Souris or not souris
La souris a deux prénoms. Pas un prénom en deux parties, comme Marie-Souris ou Souris-Thérèse, non, deux vrais prénoms. Enfin plus exactement, un prénom, un vrai, et un prénom de rechange, qui n’est pas tout à fait faux, lui non plus, mais enfin, c’est pas le vrai. Comme si elle s’appelait, disons, « Souris », et avait choisi pour prénom de rechange « Musaraigne ». La musaraigne n’étant finalement rien d’autre qu’une souris avec un grand nez et qui gueule plus fort. Par ailleurs, la musaraigne s’attrape bien plus facilement, tous les chats vous le diront.
Et à quoi cela sert-il, ô grande souris, d’avoir un prénom de rechange ? Et bien voilà. Lorsqu’une personne cherche à faire connaissance avec la souris, au bout d’un temps généralement assez court, cette personne lui demande son prénom.
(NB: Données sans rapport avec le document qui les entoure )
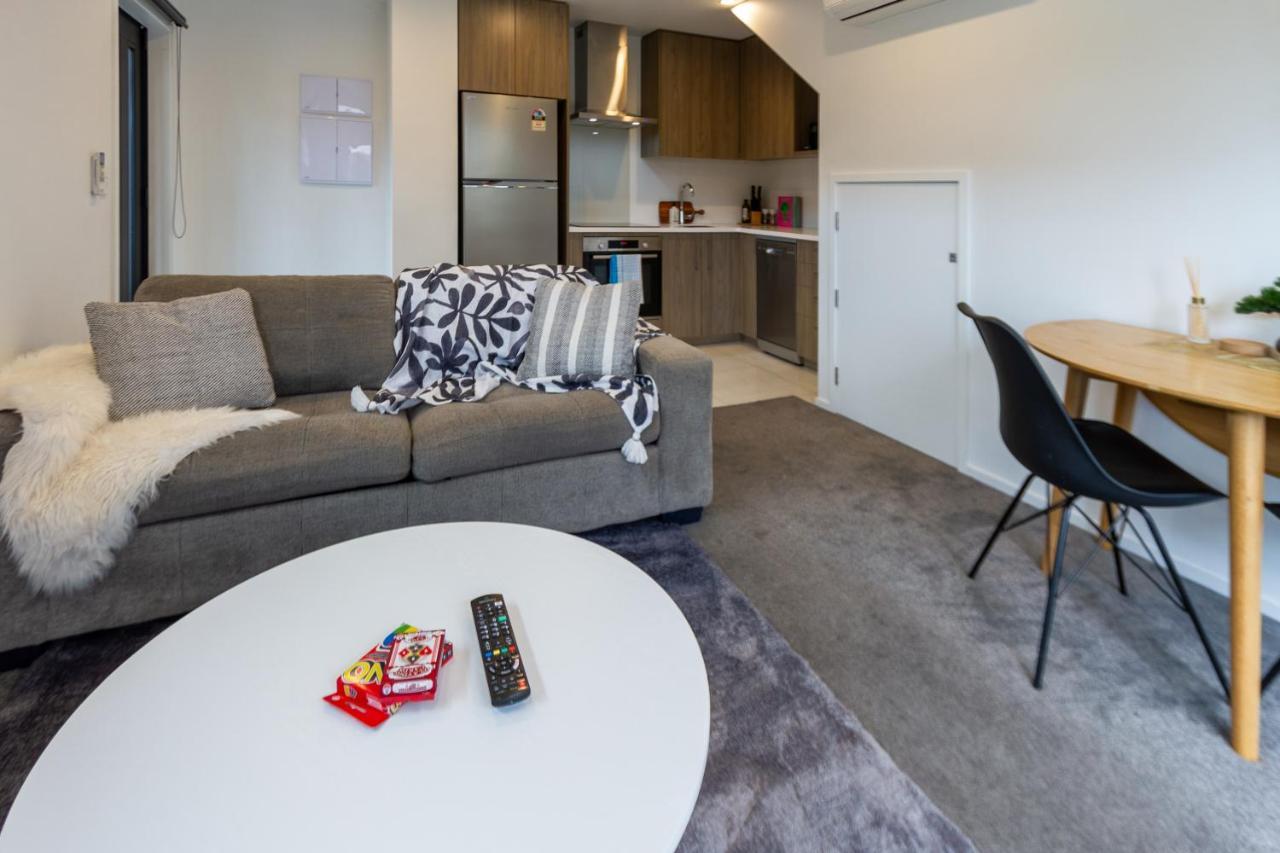 1 Bedroom Central City Escape Christchurch Zewnętrze zdjęcie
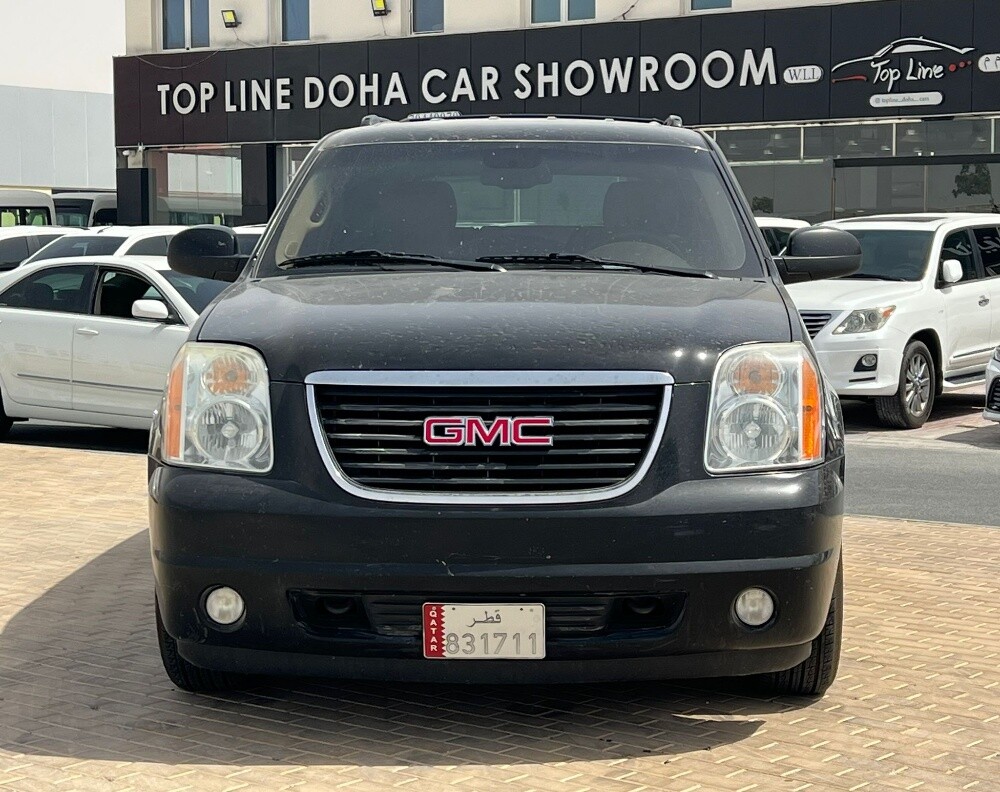 جي إم سي يوكن ٢٠١١ - 2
Or la souris n’aime pas donner son prénom, même son prénom, rien que son prénom, à quelqu’un dont elle souhaite se dépêtrer le plus rapidement possible. Oh, certes, j’entends d’ici les clameurs : un prénom, ce n’est pas un numéro de téléphone, ce n’est même pas un nom de famille, ça n’engage à rien. Mais pour la souris, avoir son prénom, c’est déjà entrer dans une relation personnelle.
Alors à ceux avec qui elle ne veut surtout rien avoir à faire, aux dragueurs à la noix, aux démarcheurs, aux diseuses de bonnes aventures, la souris balance son prénom de rechange, Musaraigne, un peu comme les lézards qui laissent le bout de leur queue en pâture au prédateur qui reste alors la queue entre les dents, sa proie enfuie. Donner son prénom de rechange, c’est donner le nom d’une personne qui n’est pas vraiment soi, une sorte d’avant-garde fantoche sacrifiée qui fait diversion pendant que le gros des troupes se carapate.
Par contre, lorsque la souris se sent d’humeur sociable, lorsqu’elle est intriguée par les propos qu’on lui tient, lorsqu’elle se dit qu’elle ne serait pas contre prolonger la conversation, alors elle donne son vrai prénom, Souris.
Mais, ô grande souris, objecterez-vous avec raison (et j’en entends déjà qui objectent, là-bas, dans le fond… Oui, toi, pas la peine de te cacher, je t’ai entendu…), quelle est donc l’efficacité de cette parade contre les dragueurs à la noix, puisqu’ils ne sont pas au courant, eux, que ce n’est pas ton vrai prénom ? Après tout, pour eux, Souris ou Musaraigne, c’est bien tout pareil !
Certes. Et pourtant, la différence est énorme. Parce que le moment où la souris se présente comme Souris ou comme Musaraigne décide de toute son attitude à venir. Tout est joué au moment où le nom est dit. C’est une décision capitale, donner l’un ou l’autre prénom ; c’est se demander quel visage elle va montrer, quels liens elle va accepter de tisser. Donc, certes, c’est un petit drame qui se joue en son for intérieur ; mais c’est aussi se donner une discipline, décider irrévocablement de fermer la porte ou la laisser entrouverte. Car ce n’est pas du genre de la souris, de reconnaître un mensonge.
Ainsi la souris se protège. Avec Souris, on peut faire connaissance, devenir des copains, des amis, des amants faudrait peut-être pas pousser mais pourquoi pas. Dire « Souris », c’est déjà accorder une grande part de sa confiance, c’est déjà dire quelque chose sur soi. Mais ceux qui auront rencontré Musaraigne n’auront jamais joué qu’avec une poupée de chiffon, n’auront eu qu’un fantôme évanescent entre les doigts.